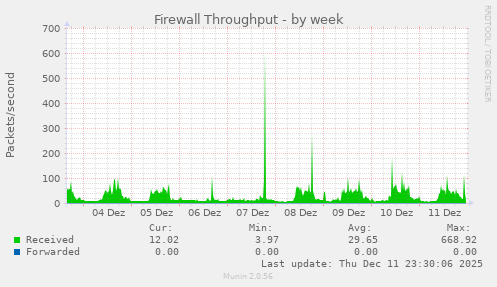 Firewall Throughput
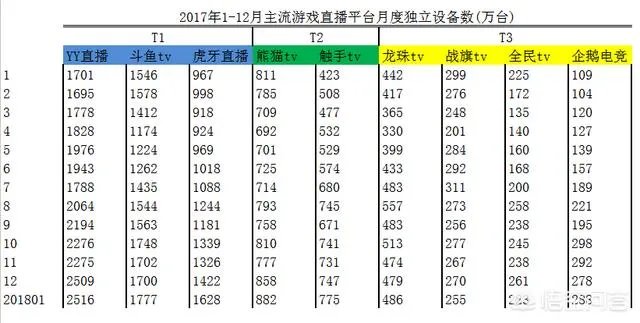 现在哪个直播平台直播游戏最好,想做主播需要什么条件?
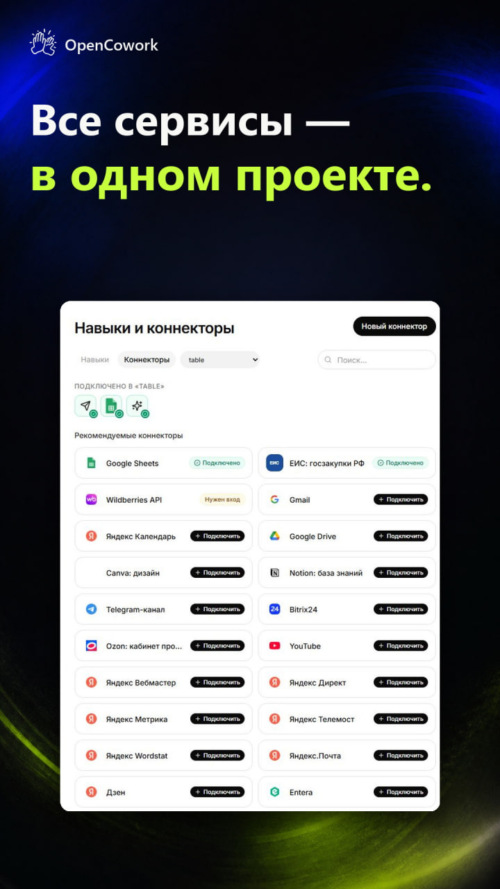 Изображение галереи Opencowork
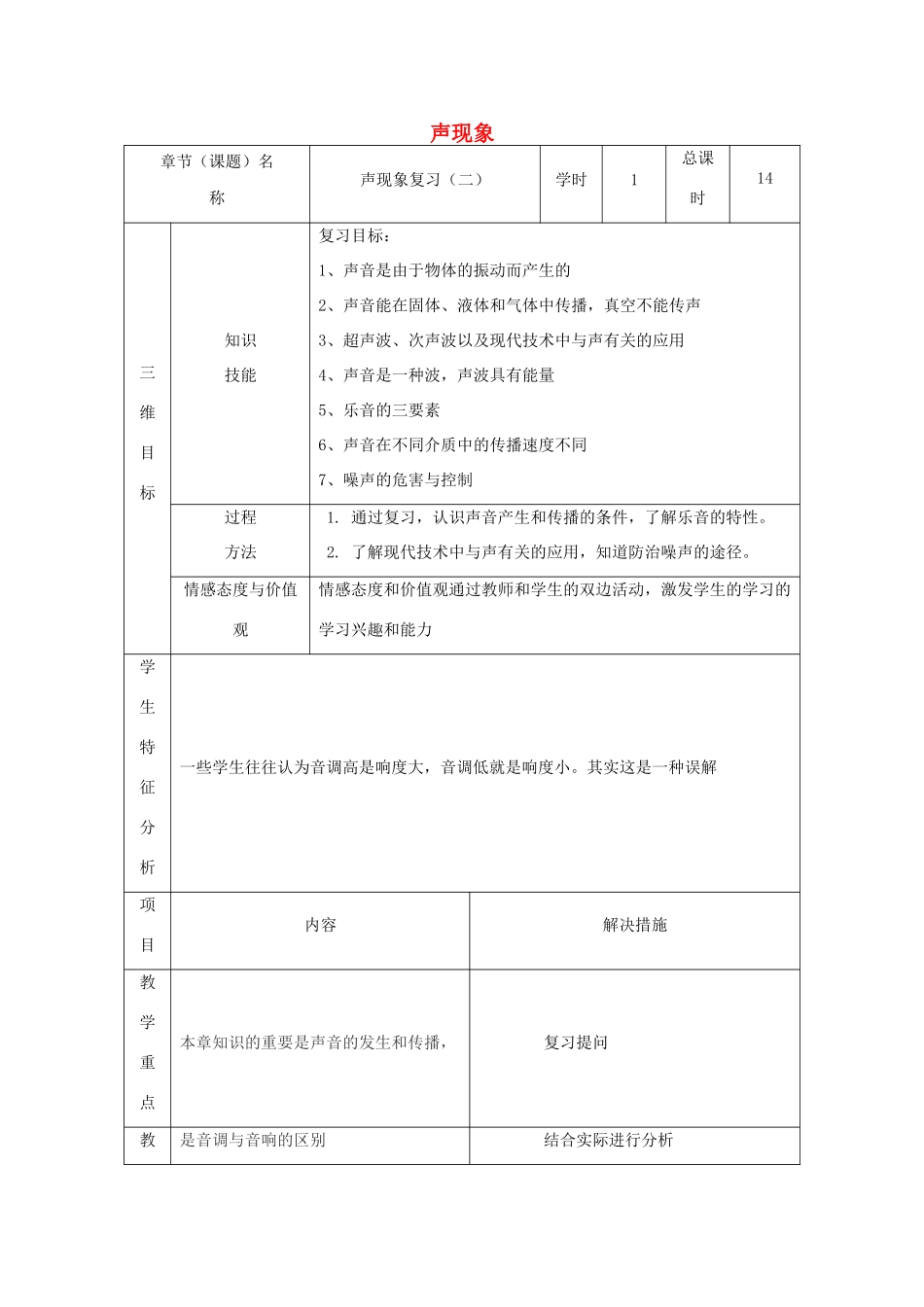 甘肃省武威市中考物理 声现象复习教案2-人教版初中九年级全册物理教案_第1页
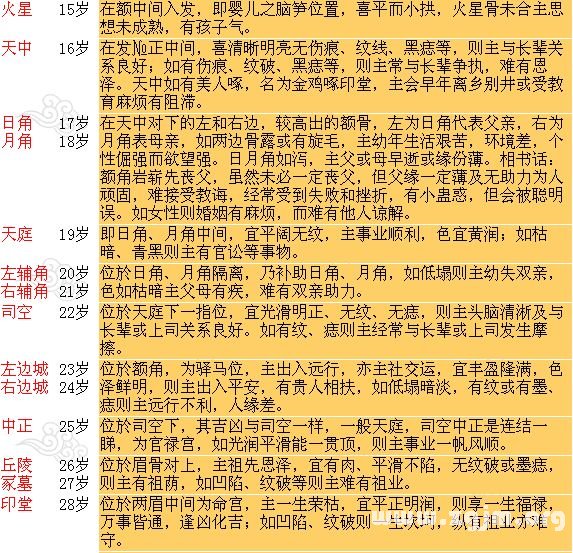 面相分析:4、上停─额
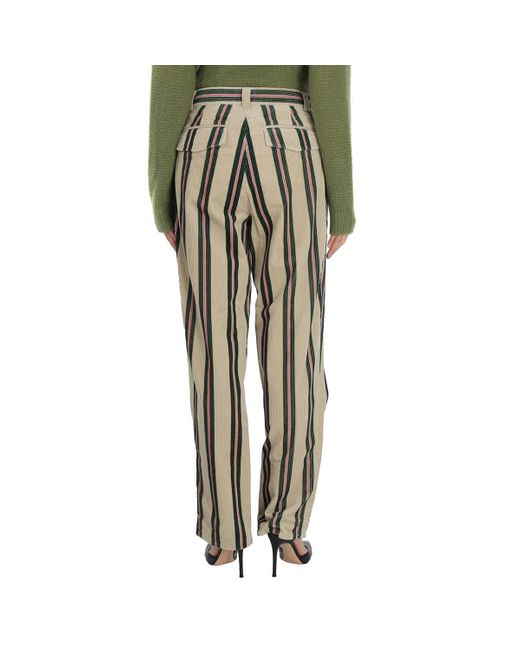 Burberry Metallic Roll-up Cuff Striped Corduroy Trousers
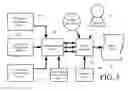 Fig. 04 - Systems and methods for searching, prioritizing between, and producing a conglomerating of real estate descriptions in a common format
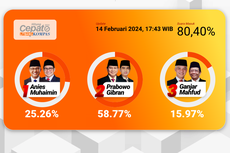 Pilpres 2024 Diprediksi Satu Putaran, Simak Syaratnya Berikut Ini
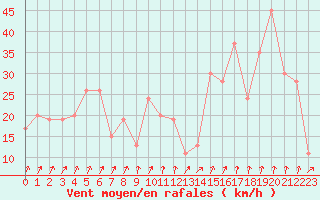 Courbe de la force du vent pour Pian Rosa (It)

» WORK TO COMPLETE
Find the line holding "面相分析:4、上停─额" in the data above. Retype it and every later line exactly, through the end, but not the pictures.

» TASK ANSWER
 面相分析:4、上停─额
 Burberry Metallic Roll-up Cuff Striped Corduroy Trousers
 Fig. 04 - Systems and methods for searching, prioritizing between, and producing a conglomerating of real estate descriptions in a common format
 Pilpres 2024 Diprediksi Satu Putaran, Simak Syaratnya Berikut Ini
 Courbe de la force du vent pour Pian Rosa (It)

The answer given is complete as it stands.